I’m posting an image every day (or as often as I can). A photo, an image from the internet, a diagram or a map. Whatever takes my fancy.

This wooden carving marks the point where two canals meet in Stroud. The Stroudwater Canal to the right allowed Severn river boats (trows) to carry Welsh coal to Stroud to power the steam engines taking over from the less efficient water power in the late 18th and early 19th centuries.
The Thames and Severn Canal, opening a few years later, enabled the smaller London barges to make their way to and from Oxford and London to the east.

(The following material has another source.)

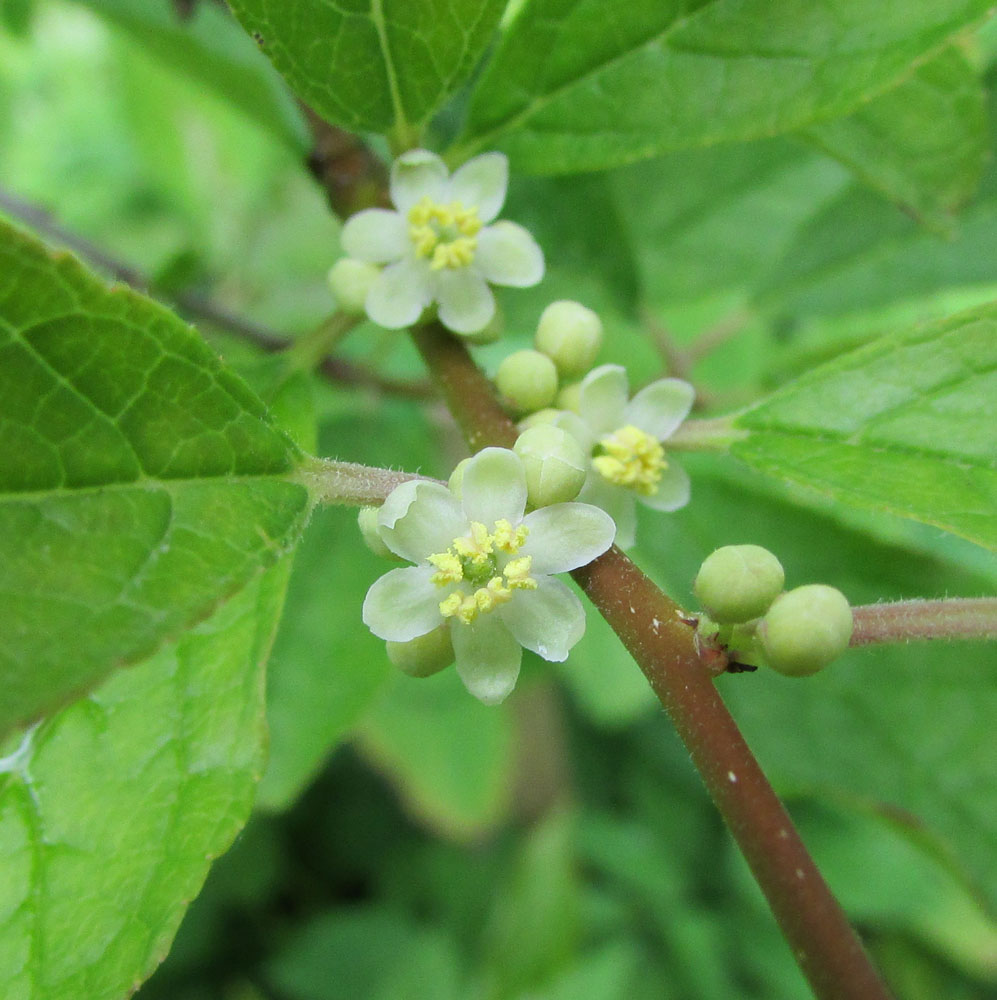 Image of Ilex verticillata specimen.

Cargoes would need to be unloaded from barges and reloaded on trows or vice versa to make the entire journey. But London barges were not suitable for the waves, winds and currents of the River Severn, while trows were too large for the locks and other facilities of the upper Thames.
Shaking hands is an interesting choice in a sculpture to signal agreement and mutual benefit. Agreement and mutual benefit are essential and helpful in human societies, and are recognised as such worldwide. When agreement and mutual benefit break down we have arguments, murders, violent demonstrations, and even wars. These are all social on some scale or other. How much better it would be to stop those behaviours and shake hands. But that’s not always possible, sadly.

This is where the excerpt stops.